Unlike Tories and Labour, neither the SNP’s rapidly rising membership nor the recent upheavals of Brexit and a change in Prime Minister have unsettled the party machine. In stark contrast to the public airing of sectarian party divisions this conference season, the conference saw little public division. Instead the tensions within the party membership are under the surface. Long-time party members could be heard commenting on the increasingly commercial focus of the conference. The proliferation in suited party staffers and UK-wide lobbyists was frequently commented upon. A number of constituency delegates suggested that the election of Angus Robertson as the SNP’s deputy leader personifies the growing dominance of the “establishment” wing of the party.
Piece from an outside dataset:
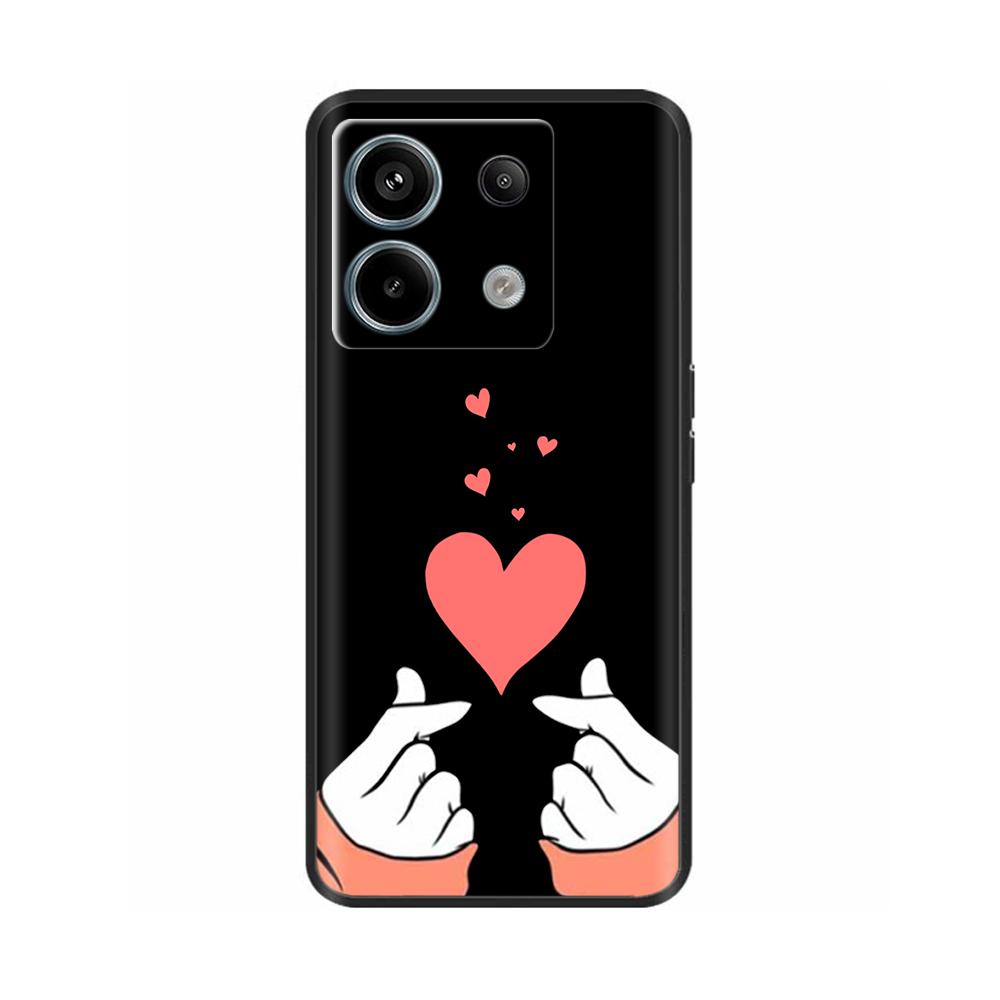 Чехол для Xiaomi Redmi Note 13 Pro, силиконовый мягкий задний чехол для Redmi Note13 Note 13 Pro Plus 4G 5G, защитный корпус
With little in the way of direct intra-party wrangling, the big-ticket items of Brexit and the party’s renewed push for Scottish independence dominated the agenda. Nicola Sturgeon’s announcement that a consultation on a new referendum bill will be published this week had been expected since its inclusion in the party’s Holyrood manifesto. But the party has been deliberately unclear about how, or indeed, when, it will seek a new referendum.
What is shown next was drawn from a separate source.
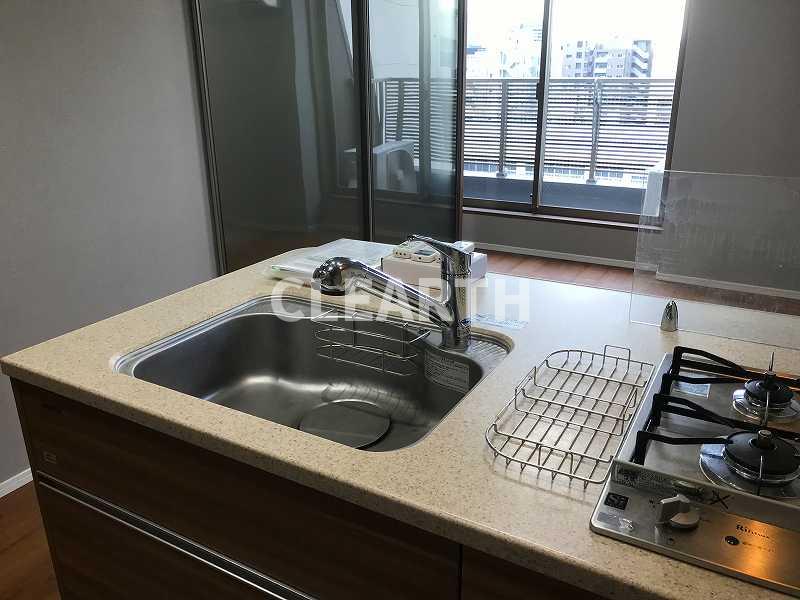 キッチン　※過去退去時のお写真です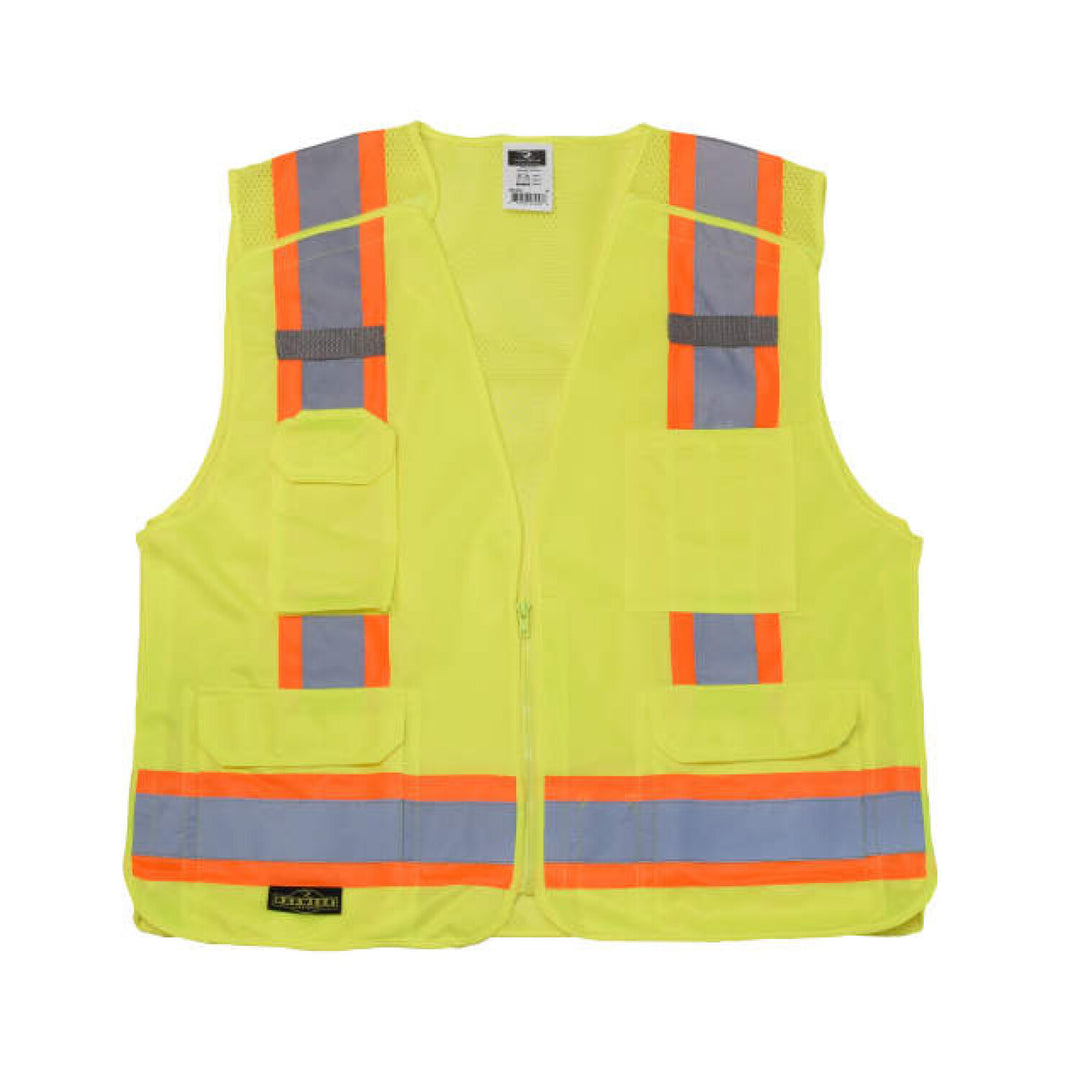 Radians SV46 Surveyor Type R Class 2 Breakaway Two Tone Safety Vest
The Brexit vote frames the narrative around the SNP’s renewed push for independence, in the wake of Scotland’s decisive vote for Remain by a margin of 62% to 38%. The looming issue of a hard Brexit served as a rallying call for the majority of members. “Remain means Remain” was a frequent response to Theresa May’s recent insistence that “Brexit means Brexit.”
The SNP leadership are understandably cautious about overplaying their hand, walking the tightrope between keeping onside those sections of the party membership keen to see a new independence referendum as soon as possible, and those who believe a second referendum should remain firmly off the table until a comfortable victory is guaranteed. There is tension between ‘gradualist’ and ‘fundamentalist’ tendencies within the SNP; between those who believe that independence is best pursued through incremental institutional reform and the measured negotiation of further devolution from Westminster towards a state where ‘actual’ independence becomes an easy practical and cultural transition, and those who believe that securing independence necessarily demands more a confrontational, abrupt break with the constitutional status quo.
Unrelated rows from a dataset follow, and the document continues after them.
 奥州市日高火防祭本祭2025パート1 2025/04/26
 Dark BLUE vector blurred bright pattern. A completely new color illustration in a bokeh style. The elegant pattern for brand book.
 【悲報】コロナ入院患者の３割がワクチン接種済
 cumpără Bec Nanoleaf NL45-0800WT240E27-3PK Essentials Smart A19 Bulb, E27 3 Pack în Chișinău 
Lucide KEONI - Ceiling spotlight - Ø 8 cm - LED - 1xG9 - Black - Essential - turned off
In her closing speech to Conference, Nicola Sturgeon adeptly negotiated these two tendencies. Reaffirming the SNP’s self-positioning as Scotland’s ‘national party’ – as the ‘natural voice’ of its preferred brand of centre-left ‘civic nationalism’ – she spoke in direct opposition to what she referred to as the ‘little England’ politics presented by Theresa May. She also set out the SNP’s justification for a renewed push for independence. Faced with the prospect of a looming ‘hard Brexit’, in which Scotland could find itself removed from both the single market and common travel area, she argued that any future Scottish independence referendum could only be the fault of decisions made by the UK Government.
It is difficult to say when the SNP will seek to pursue a second referendum. Regardless of the apparent strength of their position, the party leadership are acutely aware that the success of a second referendum will rely on the close reading of both the terms on which the UK government seeks to negotiate our exit from the EU, and the peculiarities of Scotland’s changing political mood. It has been mooted that a second referendum might be seen as early as 2017.There is a fear that, if the SNP wait too long, then an unavoidable fall in the party’s popularity will detract from any public interest in Scottish independence.
As seen in the quiet confidence found at the party’s largest ever conference gathering, the SNP’s continued dominance of Scottish politics seems assured, for the time being, at least.